With too low load on the system, you are not putting enough pressure on it, thus you won't see the problems you are looking to find, before they become visible on production, for your real users.
With too high load on the system, you will see problems which may or may not occur in real life. Thus if you are in a hurry, or need to clearly prioritize which issue is a blocker and which can be dealt with later, you'll have a problem.

An even worse type of issue I see with load tests is where they generate an unexpected load on the SUT. Seriously!
People come up with complex and wrong scenarios, mostly because the scenario is based on 'business' view of how the load test should look like. They try to build a scenario based on business perspective and figures such as:
We have a potential of 100,000 users per day, let's build a load test for simulating their behavior. 10% will create content, 20% will like content and 70% will view content.
Now the poor guys who need to build that load test says, "OK, I will build a scenario with three types of users, one user type (10,000 users in total) is doing login, viewing some content, then creating some content and logout. Second type (20,000 users in total) will login, view a piece of content, like it and logout. The third type (70,000 users in total) will login, view a content and logout."

Make sense right? Well, hell no!
What you end up with is with two main problems:
  1. You have a load test script with REAL 100,000 threads (and let me explain why that's a bad idea, below).
  2. You have a load test which generate an unexpected load or in other words you have no idea what kind of throughput is actually generated against the SUT. I'll explain that below too.

Real 100,000 threads for load testing

Unless you are working for Facebook, Twitter or Google there is no way you need 100,000 real clients (threads) hitting your system at once. Do you have 100,000 requests per second (real requests for content/actions, I'm not talking about hits which include static resources)? Probably not. That means you don't need 100,000 concurrent / parallel threads for generating the required load on your system.
Not mentioning that you may end up with complex load test setup with unnecessary amount of load generators as well as session time out issues as most of your threads / virtual users will wait for such a long time, that the corresponding application session may time out until their next iteration will take place.

Unexpected throughput

Having a summary report that claims that the system supports 100,000 users, doesn't mean anything.
Someone provided you with a load test results report, with the scenario described above, with 10,000 users which created new content, 20,000 users which liked content and 70,000 users which viewed content, over 8 hours. What does that mean? Well, not much really.

Why not? Because you don't know what was the generated throughput. Was it generating 100 likes per second or 1 per second? How many content views we had per second?
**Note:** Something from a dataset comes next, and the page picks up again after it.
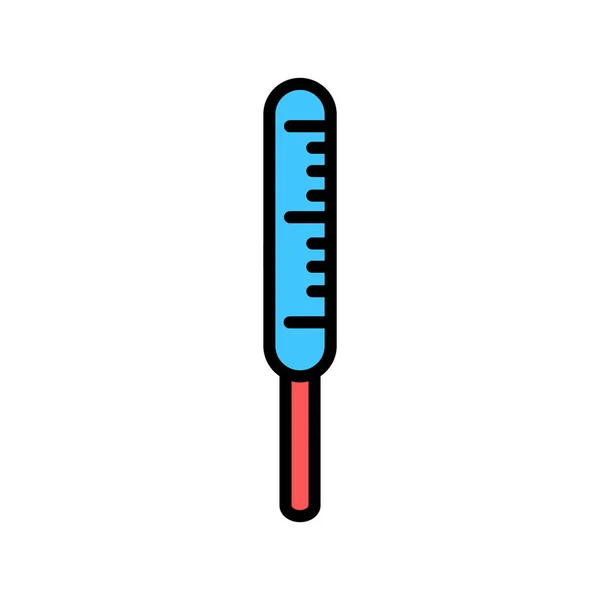 Ícone do termômetro Ícone da ilustração plana do termômetro do vetor para o serviço médico e de saúde . — Vetor de Stock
Was the workload constant with the generated traffic or generated lots of spikes where some intervals had 10 times more load than the others?

Usually with such approach you will not have a good control on those figures, as you will try to mimic a real user flow, with think times between interactions, which you may believe they reflect a realistic human behavior. While your behavioral assumptions may be true or completely wrong, the given fact is that this kind of realistic behavior will not create the realistic load on the system and that's what you care about - "Will my system handle the load?".

A more scientific approach would be to build the load test to generate configurable throughput on different types of features or activities in the system.
For example you would build the following load test scenario, which is easier to monitor and measure:
100 content views per second
10 logins per second
10 create content per second
10 likes per second
1 logouts per second

In total this will generate 131 requests per second (depending on the actual application, you may end up with more requests as you may need to generate additional requests for loading the content editor before you actually submit/publish it or if you have AJAX calls with every content view than you should generate those too).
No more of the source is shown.